Is President Bush an accidental radical?

In this article from the National Journal (courtesy of Real Clear Politics) Jonathan Rauch offers perhaps the most thought-provoking analysis of the Bush presidency I have seen. The thesis of Rauch’s lengthy piece is contained in this passage”
“George W. Bush has been compared to a number of other presidents, such as Ronald Reagan, Harry Truman, and even William McKinley. It may say something, however, that at the White House Correspondents’ Association Dinner earlier this year, when National Journal’s Carl Cannon brought up the topic of former presidents, Bush expressed singular admiration for FDR. “He was a strong wartime leader, and a very strong commander-in-chief,” Bush remarked. Had he pursued the subject, Bush might have found further parallels. Not the least is that Bush, like Roosevelt, is an accidental radical. He is an amiable establishmentarian who finds himself with the opportunity to effect transformational change, and who is seizing that opportunity and pushing the system to its limits. Or beyond. Suppose, as seems quite possible, that Bush will sign a Medicare prescription drug benefit into law before the year is out.

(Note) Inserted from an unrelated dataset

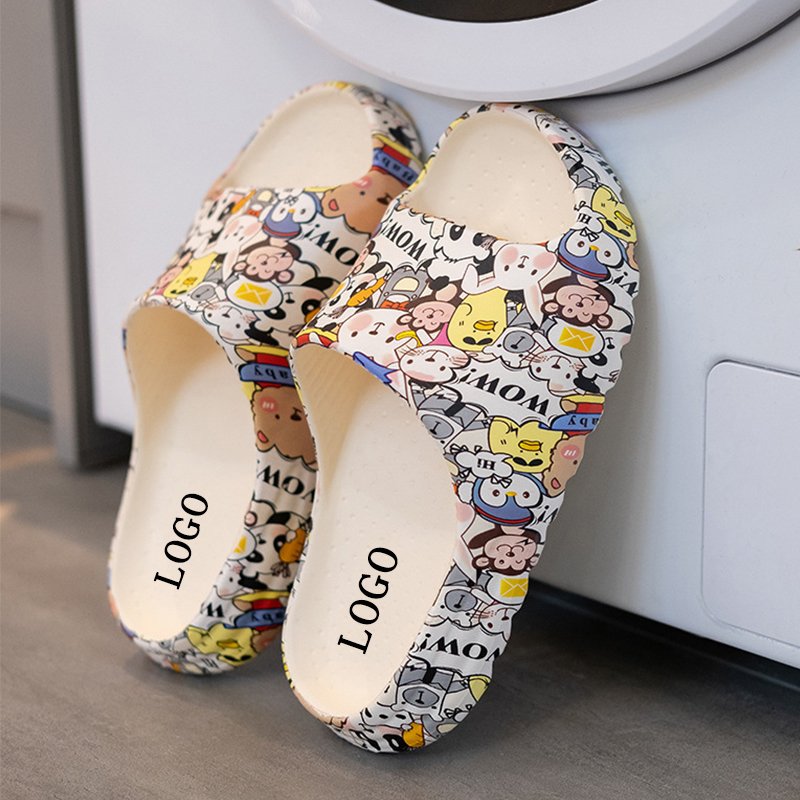 Fashion EVA Beach Slipper Kingdom Bathroom Full Print Custom Logo Cartoon Animal Slides Slippers Men Women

Then suppose, as a thought experiment, that Bush’s presidency were to end next January, on the third anniversary of his inaugural. Bush would have done enough in three years to make an ambitious two-term president happy.”
In support of this thesis, Rauch points to two major tax cuts, significant spending increases, increased federal involvement in education, sweeping and centralizing reform of government through the establishment of the Homeland Security Department, (probably) a prescription drug bill that will bring about a massive expansion of the welfare state, the formulation of the doctrine of pre-emptive attack, the implementation of that doctrine in the Iraq war, and the push for a Palestinian state conditioned on Palestinian democratization.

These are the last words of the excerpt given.